Exercise directions.
Repeat the records below verbatim and include no pictures.

The records.

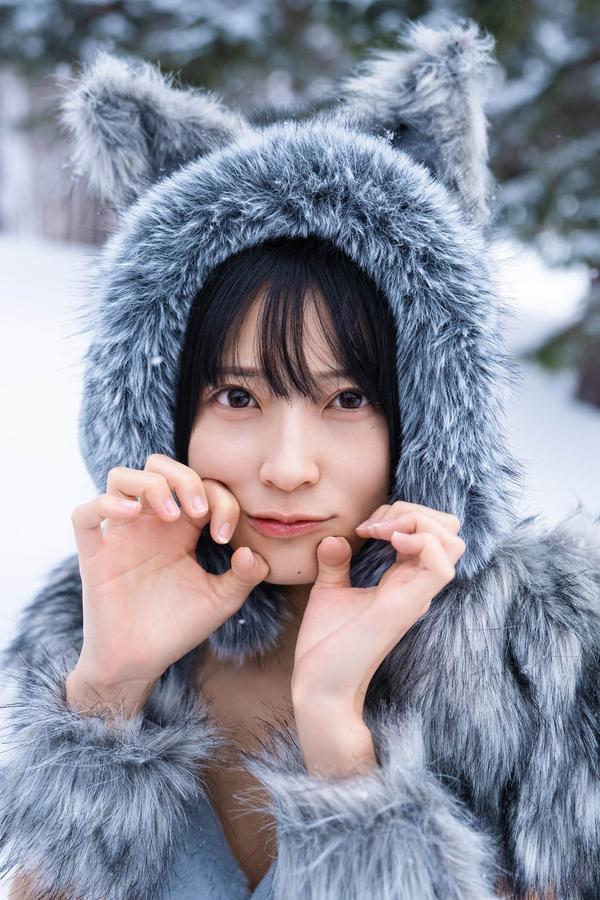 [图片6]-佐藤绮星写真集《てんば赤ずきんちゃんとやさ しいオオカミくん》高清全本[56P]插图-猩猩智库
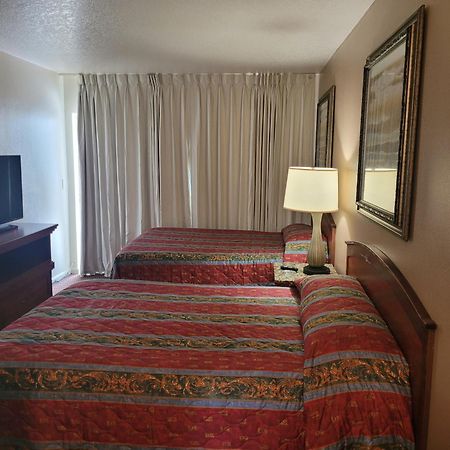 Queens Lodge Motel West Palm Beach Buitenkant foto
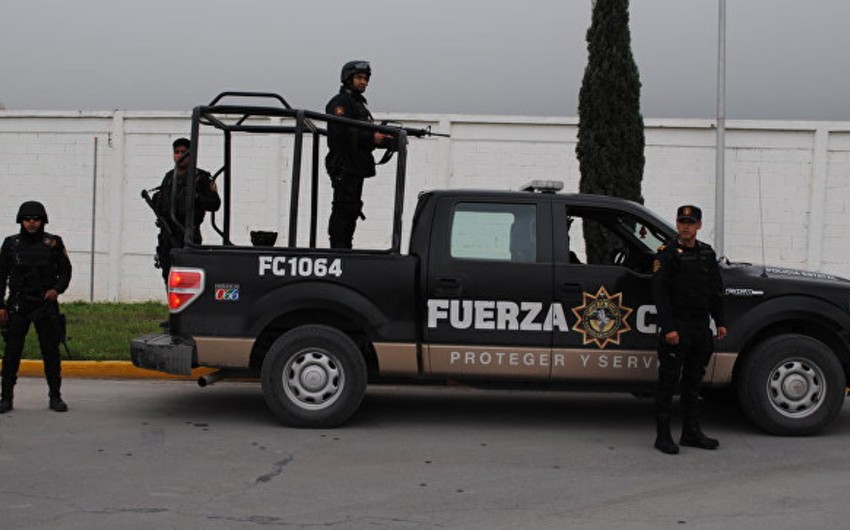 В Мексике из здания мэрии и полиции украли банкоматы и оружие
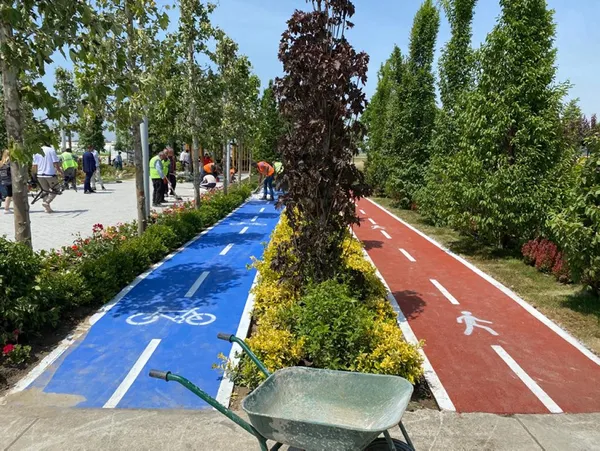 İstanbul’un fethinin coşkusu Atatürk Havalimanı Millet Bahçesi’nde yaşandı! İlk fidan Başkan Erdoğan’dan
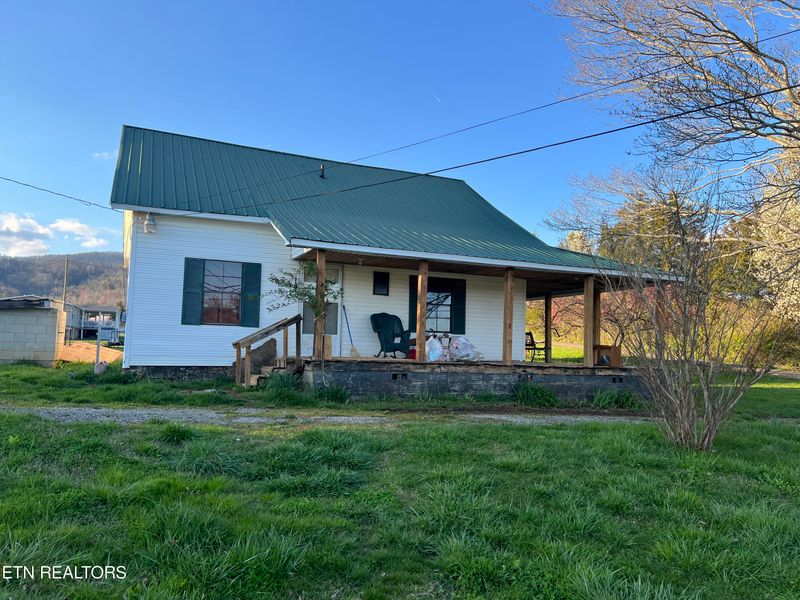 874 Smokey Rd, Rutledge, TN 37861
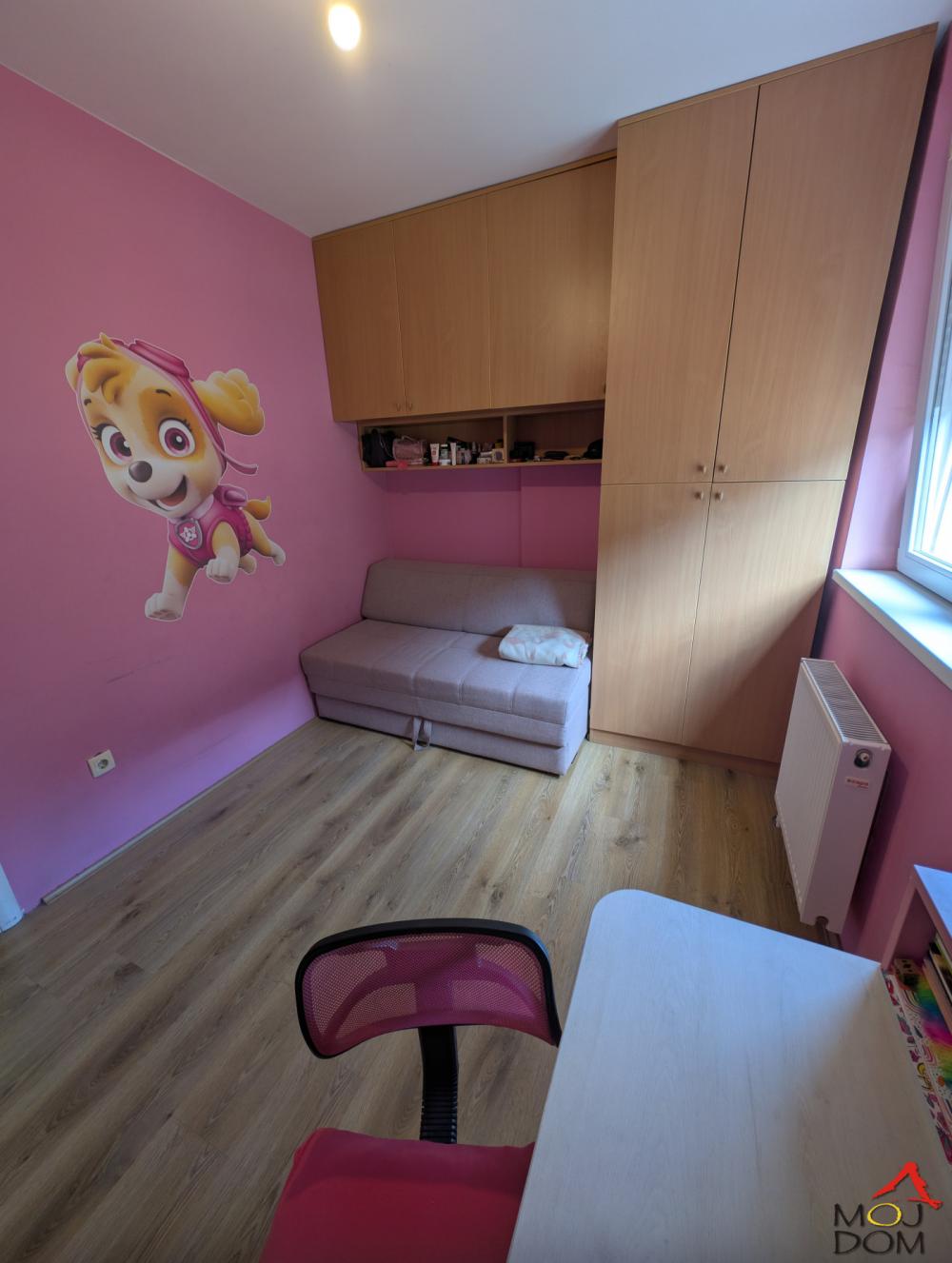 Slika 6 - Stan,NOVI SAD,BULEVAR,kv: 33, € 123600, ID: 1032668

Result.
 [图片6]-佐藤绮星写真集《てんば赤ずきんちゃんとやさ しいオオカミくん》高清全本[56P]插图-猩猩智库
 Queens Lodge Motel West Palm Beach Buitenkant foto
 В Мексике из здания мэрии и полиции украли банкоматы и оружие
 İstanbul’un fethinin coşkusu Atatürk Havalimanı Millet Bahçesi’nde yaşandı! İlk fidan Başkan Erdoğan’dan
 874 Smokey Rd, Rutledge, TN 37861
 Slika 6 - Stan,NOVI SAD,BULEVAR,kv: 33, € 123600, ID: 1032668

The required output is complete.